Exercise prompt:
Would you copy exactly the lines in the data below from the one that has "439 East 13540" through the one that has "Overhead shot of", dropping any pictures?

Dataset records:
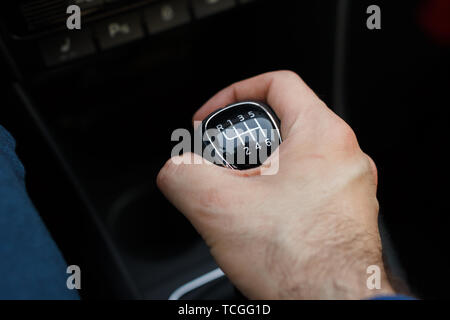 Mann Hand an einem mechanischen Getriebe im Auto. Mann fahren Auto. Auto Details im Innenraum. Auto 6-Gang-Getriebe Stockfoto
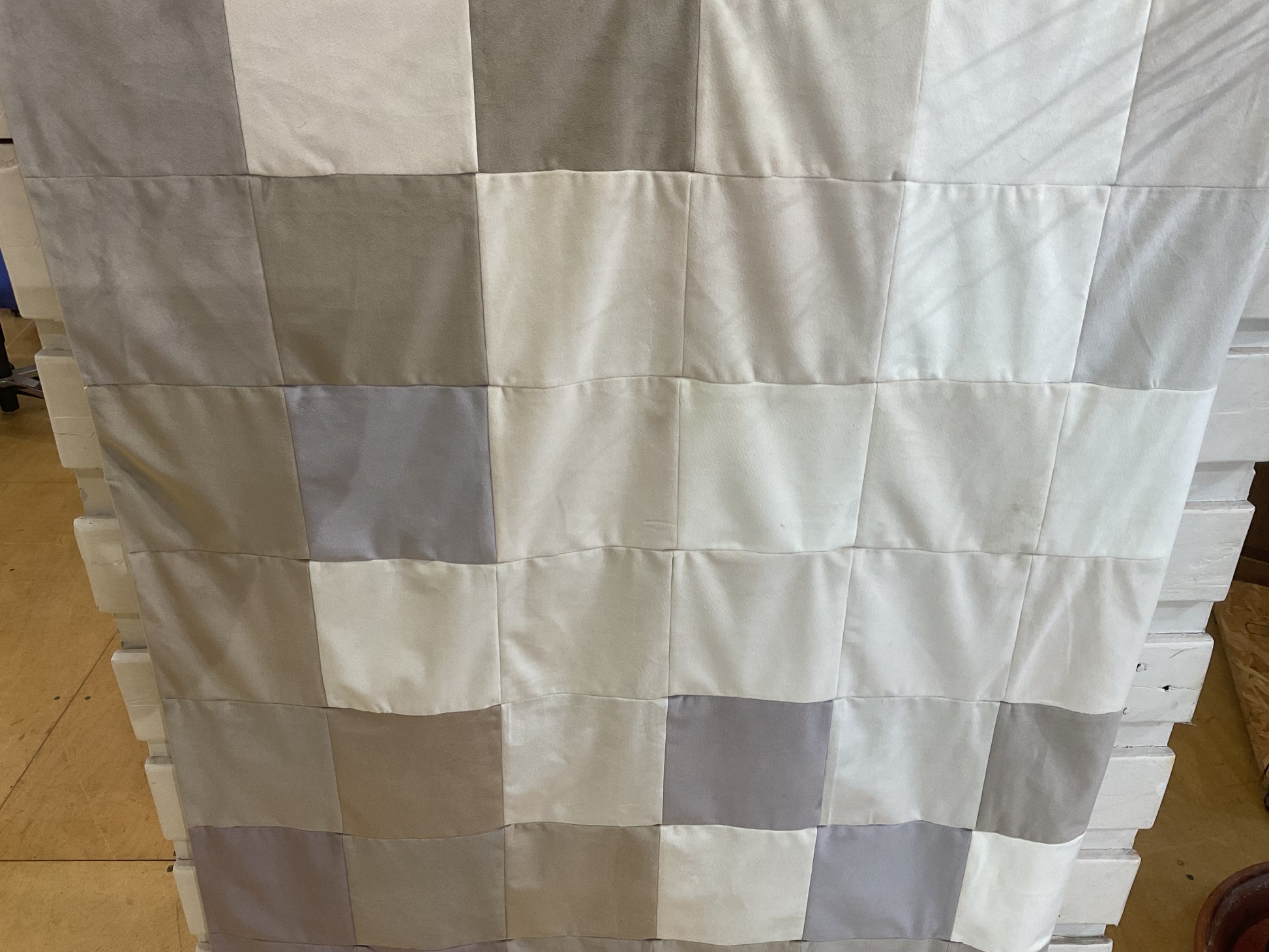 Blanket of checkered fabric panels on a wooden floor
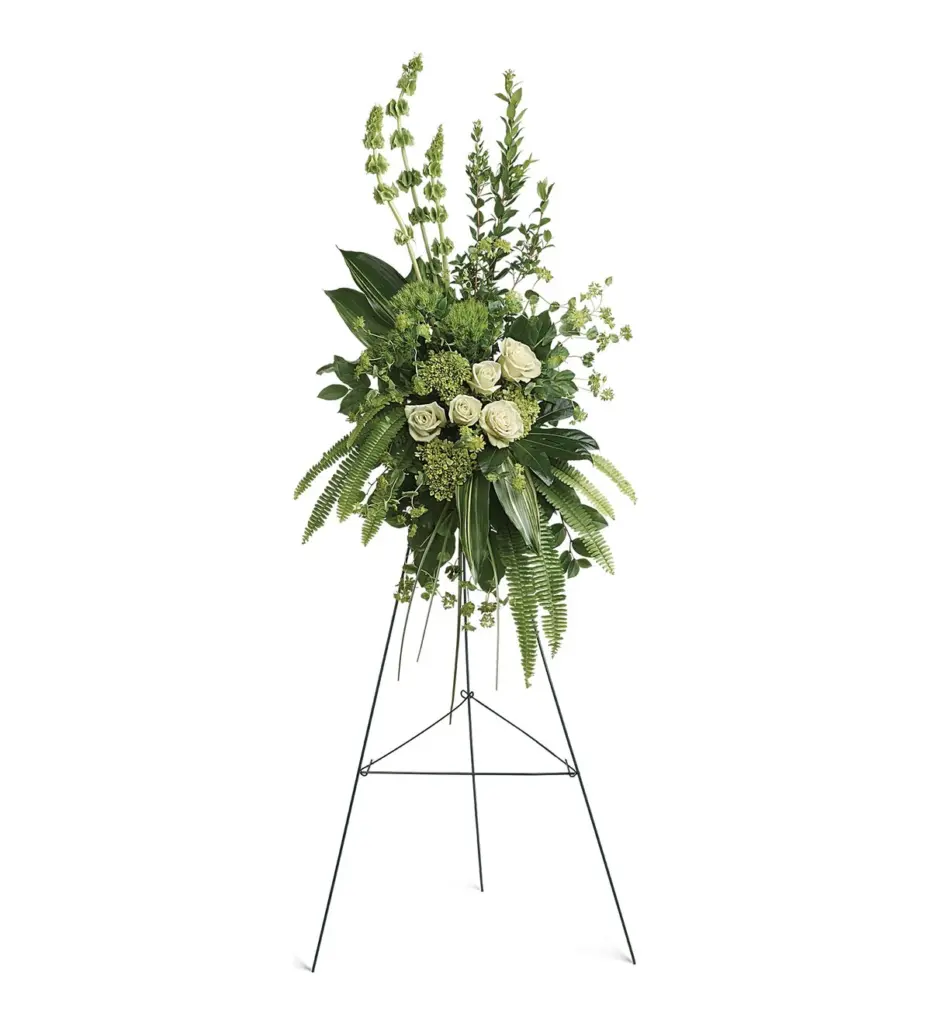 Green and white standing spray with white roses and bells of Ireland on an easel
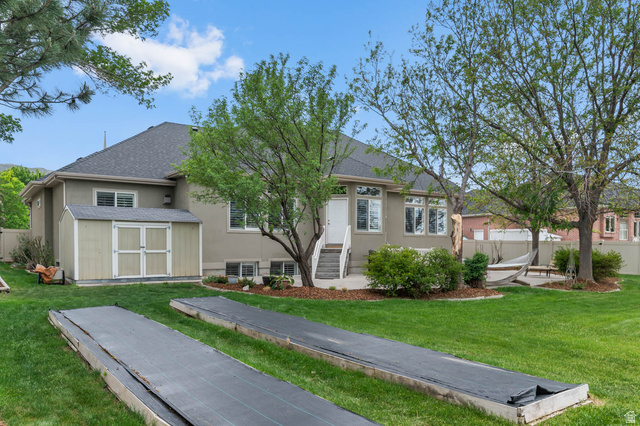439 East 13540 South Draper, UT 84020 - Photo 41 of 46 Expansive backyard featuring a manicured lawn, established trees, and a concrete patio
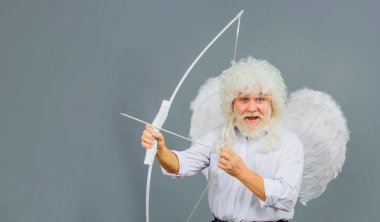 Sevgililer Günü kutlaması. Melek kanatlı mutlu sakallı adam ve yaydan aşk oku atan kıvırcık peruk. Aşk Tanrısı. Ok ve yaylı sevgililer günü meleği. Reklam için boşluk kopyala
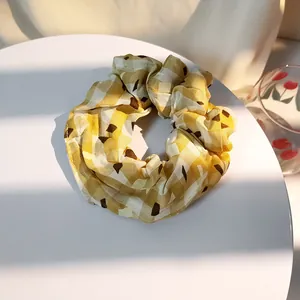 Macro shot of large yellow gingham plaid scrunchie with brown dots on white stand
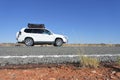An off road vehicle driving on Stuart Highway in Central Australia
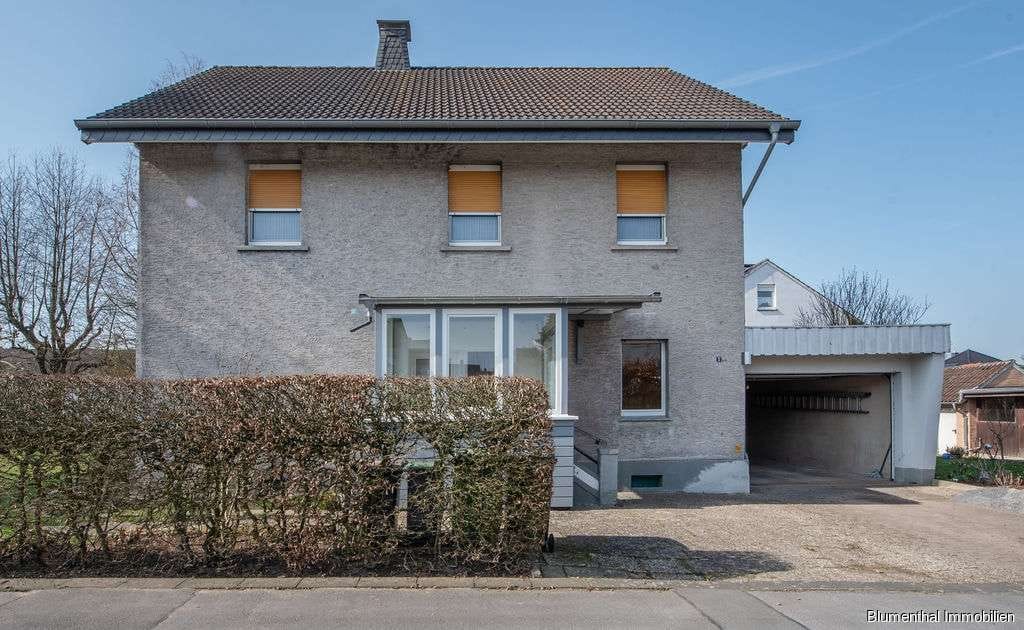 Immobilie in Enger - Zweifamilienhaus mit großzügigem Garten gen Süden in Westerenger - Bild 1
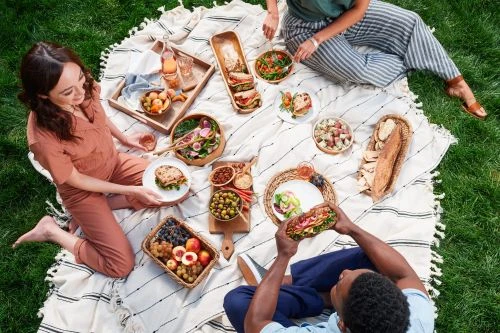 Overhead shot of two adults enjoying a picnic in a grassy outdoor space with various food items on a white striped blanket.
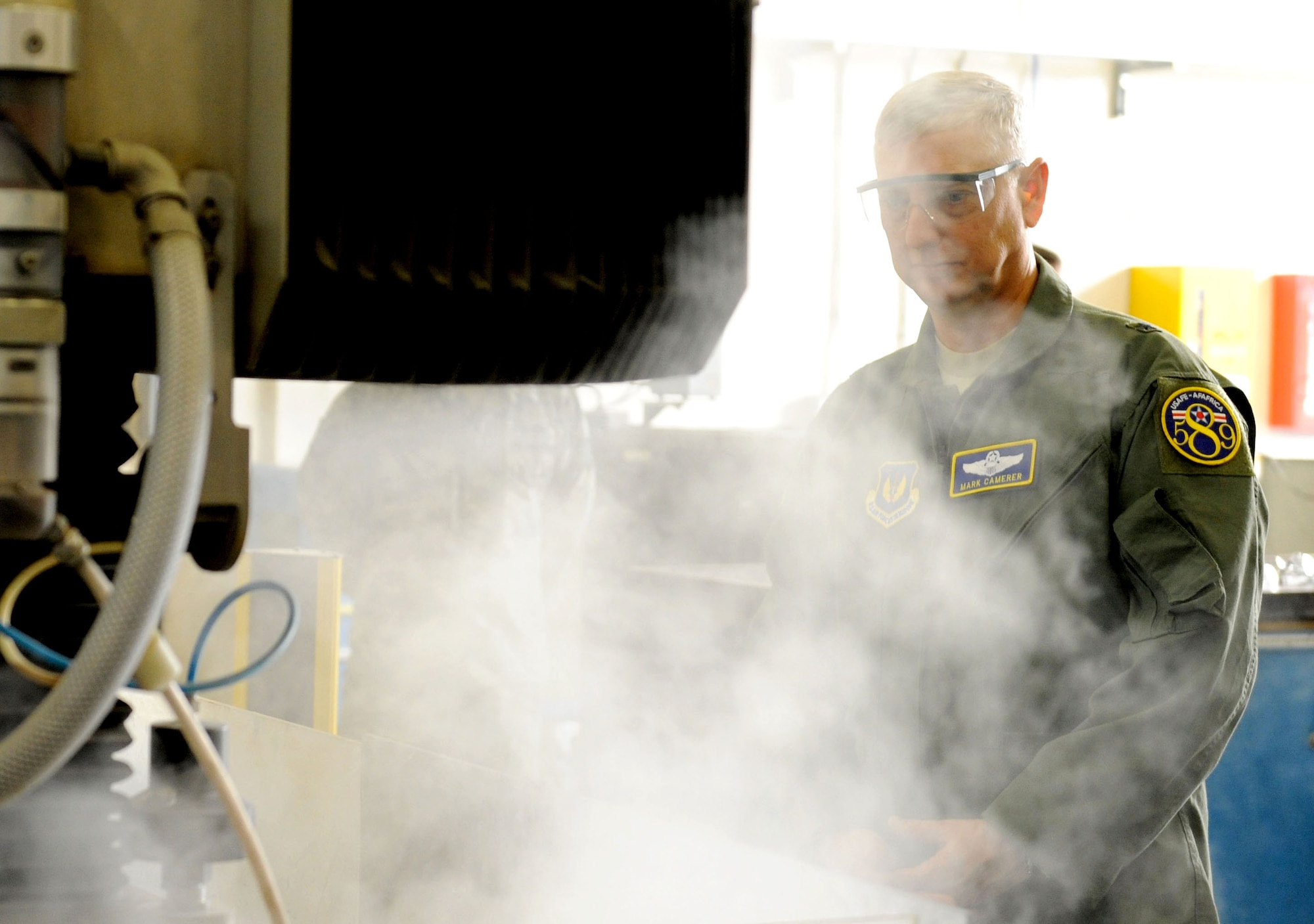 U.S. Air Force Brig. Gen. Mark Camerer, U.S. Air Forces in Europe and U.S. Air Forces Africa director of plans, programs and analyses, watches a metals technology demonstration during a tour of the 100th Maintenance Group Sept. 30, 2014, on RAF Mildenhall, England. During Camerer’s first visit to RAF Mildenhall since assuming his current position, he toured several facilities and met a multitude of Airmen to better understand the base’s requirements and mission capabilities. (U.S. Air Force photo/Senior Airman Kate Maurer/Released)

Response box:
439 East 13540 South Draper, UT 84020 - Photo 41 of 46 Expansive backyard featuring a manicured lawn, established trees, and a concrete patio
 Sevgililer Günü kutlaması. Melek kanatlı mutlu sakallı adam ve yaydan aşk oku atan kıvırcık peruk. Aşk Tanrısı. Ok ve yaylı sevgililer günü meleği. Reklam için boşluk kopyala
 Macro shot of large yellow gingham plaid scrunchie with brown dots on white stand
An off road vehicle driving on Stuart Highway in Central Australia
 Immobilie in Enger - Zweifamilienhaus mit großzügigem Garten gen Süden in Westerenger - Bild 1
 Overhead shot of two adults enjoying a picnic in a grassy outdoor space with various food items on a white striped blanket.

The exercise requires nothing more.